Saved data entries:
# # # #
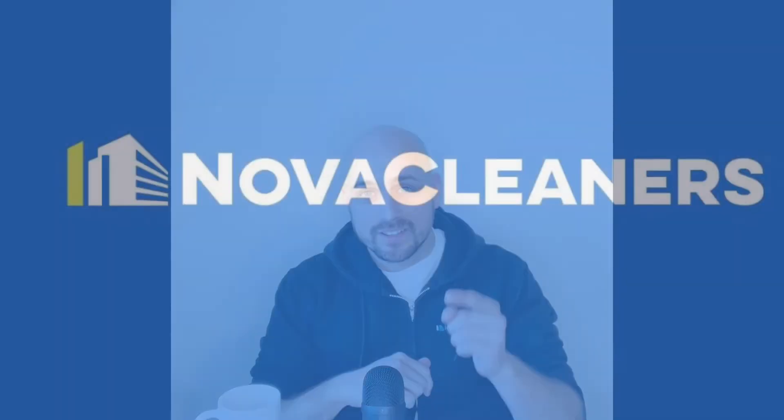And of course, as always, if you don't want to do it yourself, give us a call and we would love to do it for you. I'm going to leave a few links in the description below for some great mops that you can use for your home. Thanks for watching. See you.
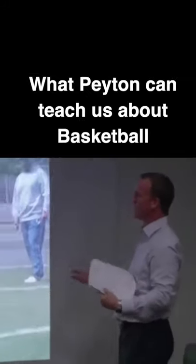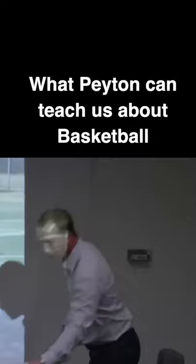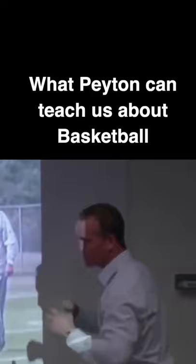What does your pump fake look like? I don't like a quarterback to pump fake with two hands because you don't throw with two hands. I don't like that fake. I want to see a little separation. I want to see a little shoulder lean that looks just like the throw.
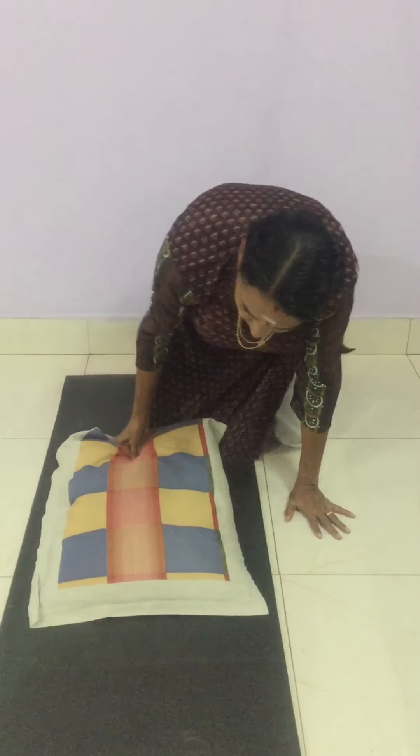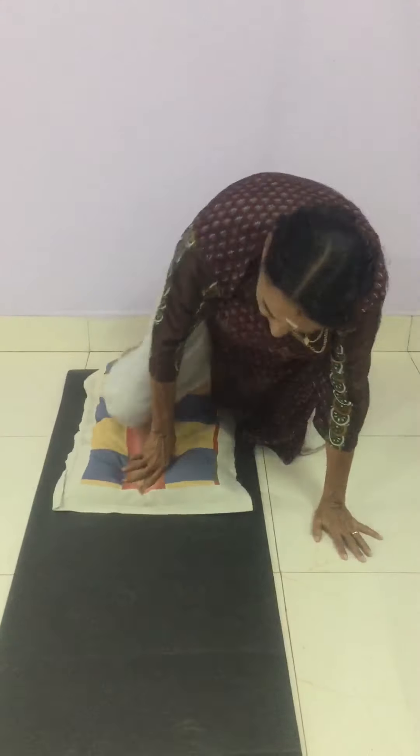Now let's do some breathing and asanas in hero pose. Kneel down on the ground, interlock your thumbs, sit on the heels, breathe in. We are sending the pure air through the Sushumna Nadi where the chakras are located, from the root chakra to the crown chakra. There is another breathing: keep like this and put the fist on the side of the navel, sit straight, breathe in, breathe out.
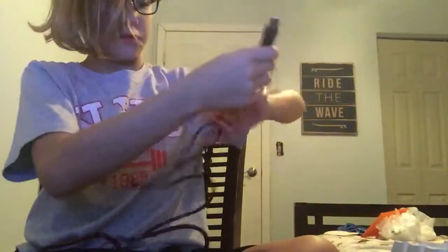You guys saw my glasses, hopefully not my face. I'm actually very excited guys. It's pretty much like the mouse I have — I mean keyword — so this is the mouse.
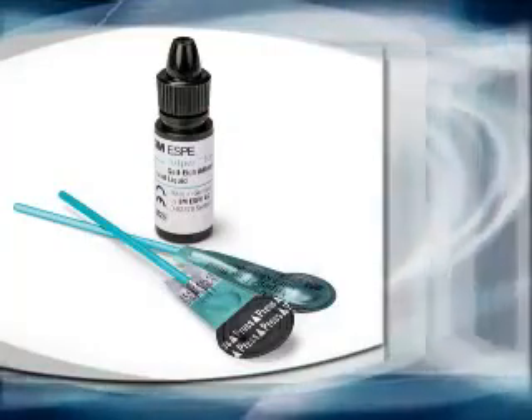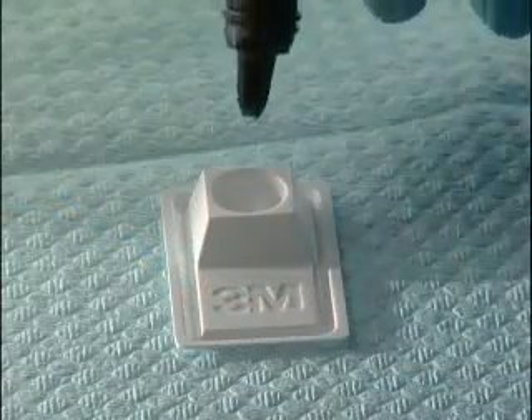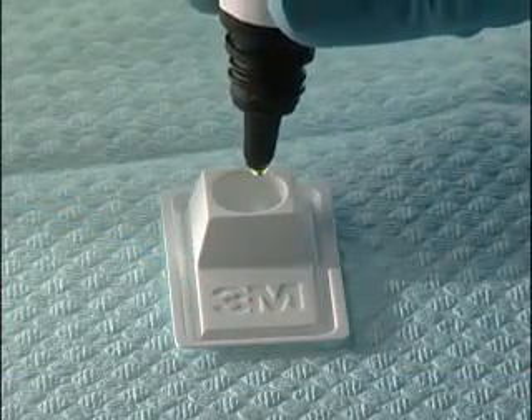Adper Easy Bond can be dispensed in either a vial or unit dose dispenser. For the vial, a drop of Adper Easy Bond is simply placed in the dispensing well.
# # # #
INSTRUCTIONS FOR THE TASK:
The records above are to be copied exactly, without their pictures.

WRITTEN RESPONSE:
And of course, as always, if you don't want to do it yourself, give us a call and we would love to do it for you. I'm going to leave a few links in the description below for some great mops that you can use for your home. Thanks for watching. See you.
What does your pump fake look like? I don't like a quarterback to pump fake with two hands because you don't throw with two hands. I don't like that fake. I want to see a little separation. I want to see a little shoulder lean that looks just like the throw.
Now let's do some breathing and asanas in hero pose. Kneel down on the ground, interlock your thumbs, sit on the heels, breathe in. We are sending the pure air through the Sushumna Nadi where the chakras are located, from the root chakra to the crown chakra. There is another breathing: keep like this and put the fist on the side of the navel, sit straight, breathe in, breathe out.
You guys saw my glasses, hopefully not my face. I'm actually very excited guys. It's pretty much like the mouse I have — I mean keyword — so this is the mouse.
Adper Easy Bond can be dispensed in either a vial or unit dose dispenser. For the vial, a drop of Adper Easy Bond is simply placed in the dispensing well.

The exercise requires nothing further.